Bisnis.com, JAKARTA – Keputusan pemerintah membuka impor sapi dari negara yang belum bebas penyakit mulut dan kuku (PMK) namun memiliki zona yang bebas dari wabah tersebut (zonebased), merupakan keputusan yang gegabah dan tidak berorientasi pada pengembangan peternak lokal.
Ketua Umum Perhimpunan Peternak Sapi dan Kerbau Indonesia (PPSKI) Teguh Boediyana menyampaikan dengan masuknya impor daging dari negar ayang belum bebas PMK, maka ternak lokal berpeluang ikut terjangkit penyakit tersebut.
“Pemerintah tidak mempertimbangkan masuknya PMK yang sangat berbahaya bagi ternak berkuku genap, sepeti sapi, kerbau, kambing, domba, dan babi. Pengalaman Inggris ketika terjadi outbreak PMK pada 2001 harus memusnahkan sekitar 600.000 ekor sapi dan sempat juga domba dan ternak berkuku genap lainnya,” kata Teguh di Jakarta, Jumat (22/4/2016).

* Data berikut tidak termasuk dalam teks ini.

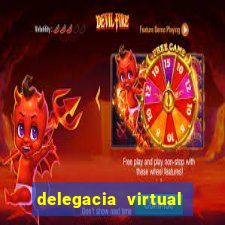 delegacia virtual da bahia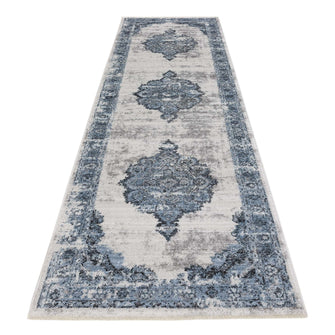 Twilight 3096 Lt Grey Hallway Runner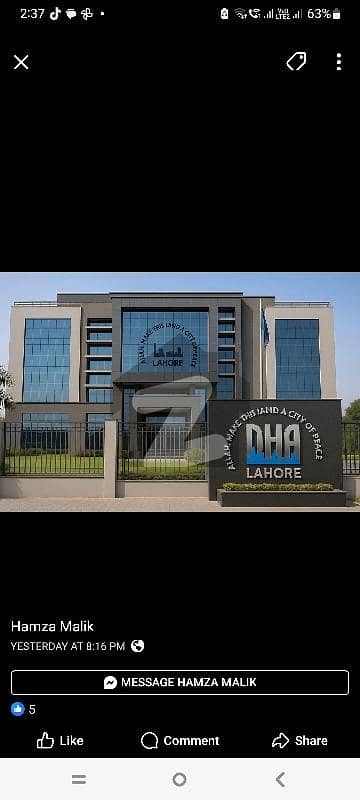 Dha phase -6 block G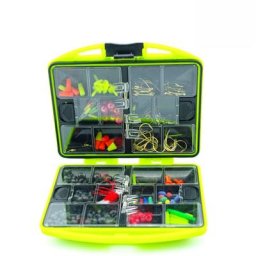 Boîte d'accessoires de pêche à double couche promotion RockSurf compte tenu de la pêche tico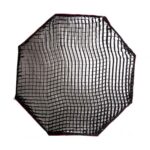 Lencarta Pro Profold Folding Octabox 150cm Hunajakennolla - Bowens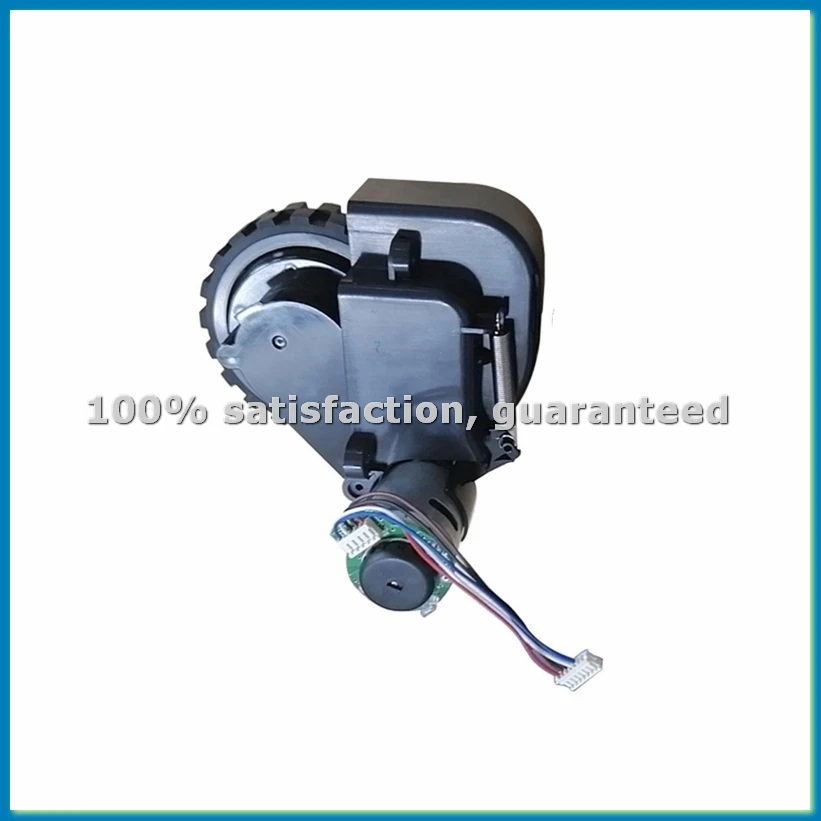 

Левое колесо для робота-пылесоса Explorer Serie 20 RG6871 X3, запчасти для колес - FS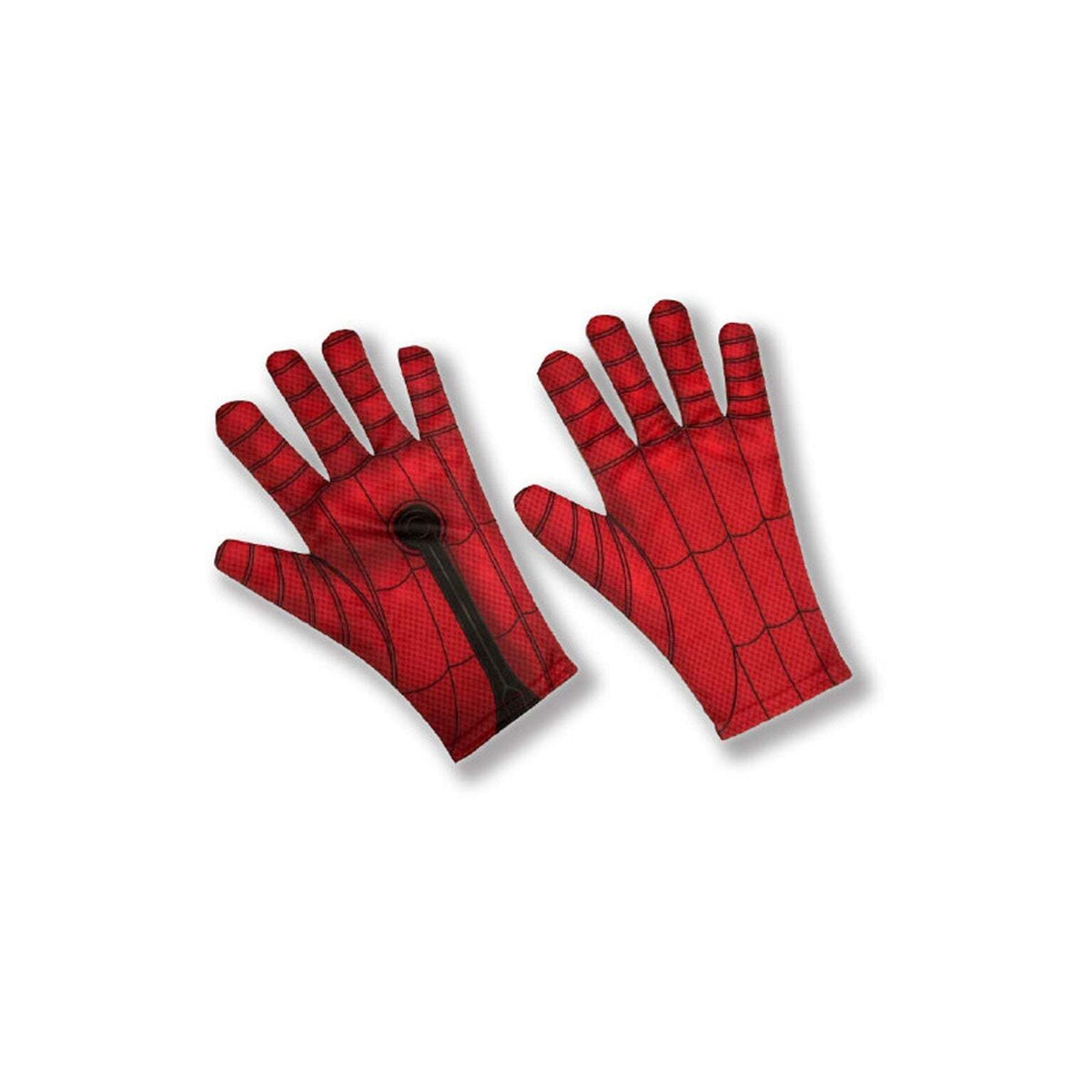 Spiderman Adult Gloves Red 1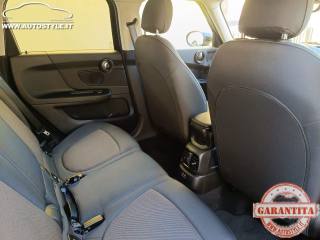 MINI Countryman usata, con Divisori per bagagliaio
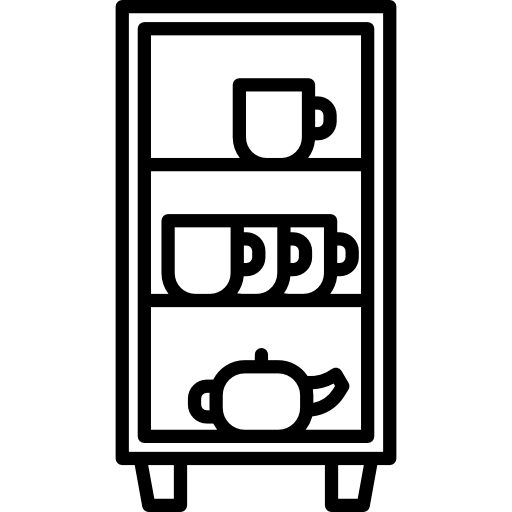 Cupboard Special Lineal icon
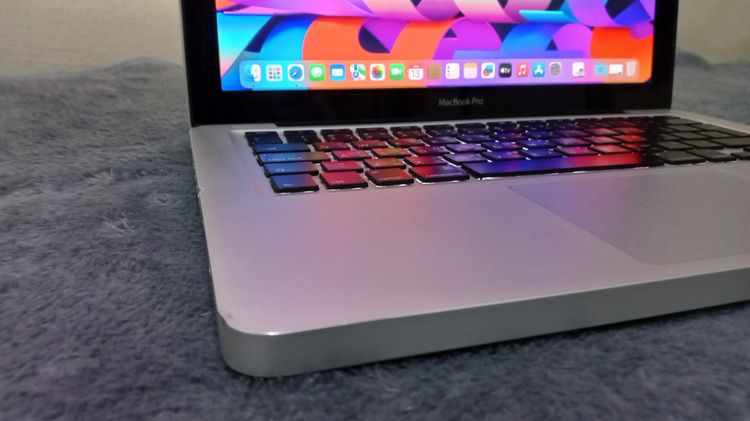 Macbook Pro 13 มือสอง รูปที่ 8
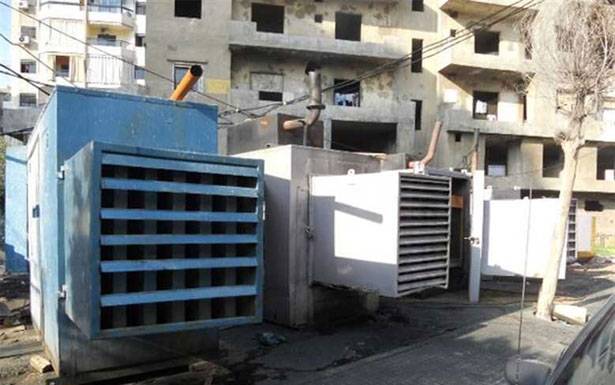 إخبار من «أصحاب المولدات»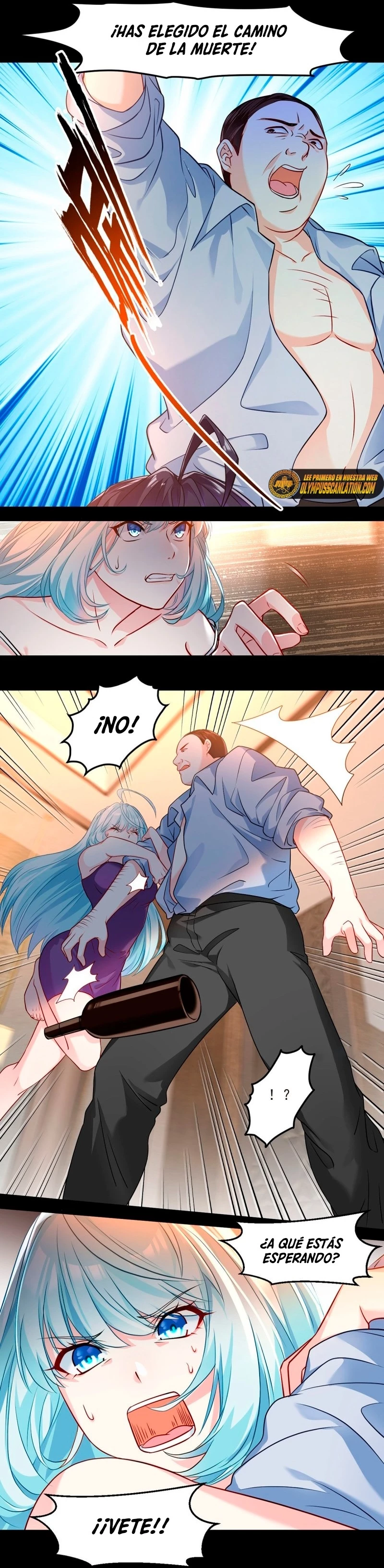 Emperador Inmortal Luo Wuji > Capitulo 8 > Page 51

Dia menyampaikan daging asal negara yang belum bebas PMK sangat murah dan akan mengganggu harga di tingkat peternak lokal yang memang biaya produksinya tinggi. Pasalnya, peternak lokal mengembangkan dengan skala rumahan dan efisiensinya terbatas.
“Sapi di Jawa harga di pasar Rp45.000 per kilogram berat hidup, dagingnya. Di NTT harga sapi sekitar Rp35.000 per kilogram dan harga dagingnya sekitar Rp95.000. Siapa yang akan menanggung kerugian peternak rakyat kalau pemerintah memasukkan daging dengan harga sekitar Rp60.000,” tambah Teguh.
Sebelumnya, Dirjen Peternakan dan Kesehatan Hewan, Kementerian Pertanian Muladno Bashar menyampaikan pemerintah akan segera merealisasikan impor daging kerbau asal India untuk mengantisipasi lonjakan harga daging saat Ramadhan tiba. Selama ini, Indonesia hanya dapat mengimpor daging dan sapi dari negara yang telah terbebas PMK.
“Sesuai permintaan Presiden [Joko Widodo] meminta agar realisasi impor daging India dapat segera dilakukan sebelum bulan Ramadhan tahun ini. Sekarang Permentan-nya sedang di-review oleh Biro Hukum Kementan,” kata Muladno dalam Roadshow on Indian Bovine Meat di Jakarta, Kamis (21/4).